Hon. Salma Hale: "The effect of the pamphlet in making converts was astonishing, and is probably without precedent in the annals of literature."
James Cheetham (Paine's basest calumniator): "Speaking a language which the colonists had felt but not thought, its popularity, terrible in its consequences to the parent country, was unexampled in the history of the press."
General Charles Lee: "Have you [Washington] seen the pamphlet 'Common Sense'? I never saw such a masterly irresistible performance."
"He burst forth on the world like Jove in thunder."
Harper's Encyclopedia of United States History: "Its trumpet tones awakened the continent, and made every patriot's heart beat with intense emotion."

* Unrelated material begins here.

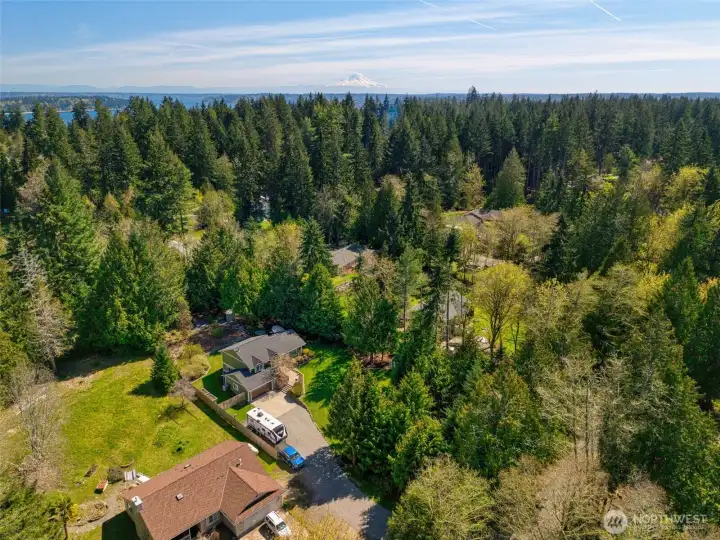 Sweeping aerial view capturing the beauty of the property and its peaceful, natural surroundings.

J. Dorman Steele, Ph. D.: "Every line glowed with the spirit of liberty, and men's hearts were thrilled as they read."
Larned's Ready Reference History: "A more effective popular appeal never went to the bosoms of a nation.... Its effect was instantaneous and tremendous."
Henry Cabot Lodge: "The pamphlet marked an epoch, was a very memorable production; from the time of its publication the tide flowing in the direction of independence began to race with devouring swiftness to high water mark."
Encyclopedia Britannica (10th Ed.)—"There is a complete concurrence of testimony that Paine's pamphlet issued on the first of January, 1776, was a turning point in the struggle, that it roused and consolidated public feeling, and swept waverers along with the tide."